**Edit**: 
I have create new notebooks for applying our customize function for using all items as input for recommendation:
* Using only interactions: https://www.kaggle.com/astrung/sequential-model-fixed-missing-last-item
* Using interactions with item features: https://www.kaggle.com/code/astrung/lstm-model-with-item-infor-fix-missing-last-item

- - -

In my previous [notebook](https://www.kaggle.com/code/astrung/recbole-lstm-sequential-for-recomendation-tutorial) about sequential model with Recbole, someone asked me about the mechanism of test data when using `full_sort_topk` for prediction submitted recommendation in this [comment](https://www.kaggle.com/code/astrung/recbole-lstm-sequential-for-recomendation-tutorial/comments#1723707) and this [comment](https://www.kaggle.com/code/astrung/recbole-lstm-sequential-for-recomendation-tutorial/comments#1723707), and they have a doubt about whether we are using all items for getting final recommendation. Most of people has 2 questions about using `full_sort_topk` with test data:
1. Do items in test data are used as input features for getting recommendation ?
2. If test data is necessary for getting recommendation in Recbole API, how can we get recommendation without splitting into train/test data?

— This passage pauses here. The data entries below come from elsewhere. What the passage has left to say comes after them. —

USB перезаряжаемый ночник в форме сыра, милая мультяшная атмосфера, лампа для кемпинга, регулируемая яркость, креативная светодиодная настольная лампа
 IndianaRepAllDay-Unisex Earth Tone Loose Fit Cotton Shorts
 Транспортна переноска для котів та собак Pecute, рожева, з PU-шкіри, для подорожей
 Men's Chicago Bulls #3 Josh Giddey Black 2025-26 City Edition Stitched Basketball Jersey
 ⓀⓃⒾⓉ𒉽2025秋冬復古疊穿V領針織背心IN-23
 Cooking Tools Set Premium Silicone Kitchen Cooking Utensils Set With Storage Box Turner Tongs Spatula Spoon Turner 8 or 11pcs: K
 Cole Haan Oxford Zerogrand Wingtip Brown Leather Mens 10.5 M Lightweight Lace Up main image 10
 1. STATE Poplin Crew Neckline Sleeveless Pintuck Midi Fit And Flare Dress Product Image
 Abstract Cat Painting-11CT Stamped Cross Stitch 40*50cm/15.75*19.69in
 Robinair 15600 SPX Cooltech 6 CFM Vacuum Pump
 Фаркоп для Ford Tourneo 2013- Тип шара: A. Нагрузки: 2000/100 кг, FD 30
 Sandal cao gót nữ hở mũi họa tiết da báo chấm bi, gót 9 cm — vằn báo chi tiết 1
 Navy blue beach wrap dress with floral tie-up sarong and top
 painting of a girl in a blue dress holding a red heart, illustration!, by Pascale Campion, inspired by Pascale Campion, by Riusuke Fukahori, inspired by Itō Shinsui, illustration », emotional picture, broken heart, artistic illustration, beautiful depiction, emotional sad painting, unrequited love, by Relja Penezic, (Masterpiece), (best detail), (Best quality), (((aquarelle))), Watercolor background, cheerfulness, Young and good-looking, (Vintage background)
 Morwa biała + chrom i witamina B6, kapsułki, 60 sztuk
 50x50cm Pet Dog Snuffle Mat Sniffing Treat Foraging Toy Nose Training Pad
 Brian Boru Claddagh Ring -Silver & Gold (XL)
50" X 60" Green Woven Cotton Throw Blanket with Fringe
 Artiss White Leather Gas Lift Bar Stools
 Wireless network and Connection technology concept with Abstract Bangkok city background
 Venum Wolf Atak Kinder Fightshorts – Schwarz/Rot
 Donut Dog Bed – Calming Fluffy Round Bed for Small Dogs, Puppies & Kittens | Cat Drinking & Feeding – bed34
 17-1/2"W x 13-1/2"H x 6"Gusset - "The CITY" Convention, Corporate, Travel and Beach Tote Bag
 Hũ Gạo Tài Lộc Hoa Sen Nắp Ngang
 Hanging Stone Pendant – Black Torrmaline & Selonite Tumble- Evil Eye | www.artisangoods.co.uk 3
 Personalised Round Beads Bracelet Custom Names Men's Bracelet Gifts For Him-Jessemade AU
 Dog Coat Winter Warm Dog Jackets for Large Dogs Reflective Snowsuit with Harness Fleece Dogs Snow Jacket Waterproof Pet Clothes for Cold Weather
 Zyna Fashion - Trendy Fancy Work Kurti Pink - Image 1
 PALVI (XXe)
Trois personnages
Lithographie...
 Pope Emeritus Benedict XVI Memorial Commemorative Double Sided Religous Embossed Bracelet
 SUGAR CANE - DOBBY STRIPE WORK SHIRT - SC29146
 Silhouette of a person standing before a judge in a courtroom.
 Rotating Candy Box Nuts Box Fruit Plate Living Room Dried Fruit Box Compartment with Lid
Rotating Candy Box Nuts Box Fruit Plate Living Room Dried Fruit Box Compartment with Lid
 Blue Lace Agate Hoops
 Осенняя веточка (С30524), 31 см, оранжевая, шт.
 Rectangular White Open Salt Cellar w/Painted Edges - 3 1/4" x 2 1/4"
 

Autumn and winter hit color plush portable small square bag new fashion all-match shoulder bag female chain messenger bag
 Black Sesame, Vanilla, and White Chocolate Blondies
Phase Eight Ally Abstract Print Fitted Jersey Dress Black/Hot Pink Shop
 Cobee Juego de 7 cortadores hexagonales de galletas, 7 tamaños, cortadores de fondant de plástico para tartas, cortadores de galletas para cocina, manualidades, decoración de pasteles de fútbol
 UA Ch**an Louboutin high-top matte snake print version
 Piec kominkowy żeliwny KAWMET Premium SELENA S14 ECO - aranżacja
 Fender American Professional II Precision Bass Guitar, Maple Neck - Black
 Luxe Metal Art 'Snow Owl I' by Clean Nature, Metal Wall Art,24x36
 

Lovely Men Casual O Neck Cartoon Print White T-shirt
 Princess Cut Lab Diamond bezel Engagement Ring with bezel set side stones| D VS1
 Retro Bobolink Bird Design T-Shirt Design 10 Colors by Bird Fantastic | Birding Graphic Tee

In this notebook i will answer all questions:
1. Yes. In sequential models, items in test data is used as input features, but not last items. As a example, if user X have 3 items in test data(A, B, C) and 5 items in train data(a,b,c,d,e), test data will generate 3 sample rows for evaluating performance on user X:
* Row 1: Input features: `a,b,c,d,e,0,0`. Output features: `A`. `0` is a pad item
* Row 2: Input features: `a,b,c,d,e,A,0`. Output features: `B`.
* Row 3: Input features: `a,b,c,d,e,A,B`. Output features: `C`.

In my previous notebook, i use last row result as recommendation, **so we still using nearly all of items as input for recommendation, except last item(item C)**. Our recommendation in previous notebooks may be not perfect, but it is simple as a tutorial for anyone want to start.

**Note: This mechanism is only for sequential model in recbole. For other types of model, it isn't correct - it won't use items in test data for getting recommendation. If you have requests for explaining for other model, please upvote and comment. I will explain it in other notebook**

In first session of this notebook, i will dig into test data to prove this conclusion.

2. Yes, we can get recommendation by using all of items as input features, without splitting train/test. In order to do this, you need to modify recbole code:
* Fist, you copy last row in dataset(input features have all items, except last one), then add last item into input features.
* Then you predict directly from model api, without using [full_sort_score or full_sort_topk](https://recbole.io/docs/user_guide/usage/case_study.html)

In second session of this notebook, i will show you how to do that.

Ok, let start

# I. How test items are used in test data.

For each item in test data, it will be generated as a sample row. As a example, if user X have 3 items in test data(A, B, C) and 5 items in train data(a,b,c,d,e), test data will generate 3 sample rows for evaluating performance on user X:
* Row 1: Input features: `a,b,c,d,e,0,0`. Output label: `A`. `0` is a pad item
* Row 2: Input features: `a,b,c,d,e,A,0`. Output label: `B`.
* Row 3: Input features: `a,b,c,d,e,A,B`. Output label: `C`.

For proving it, we will create a dataset, then extract input features and label in test data.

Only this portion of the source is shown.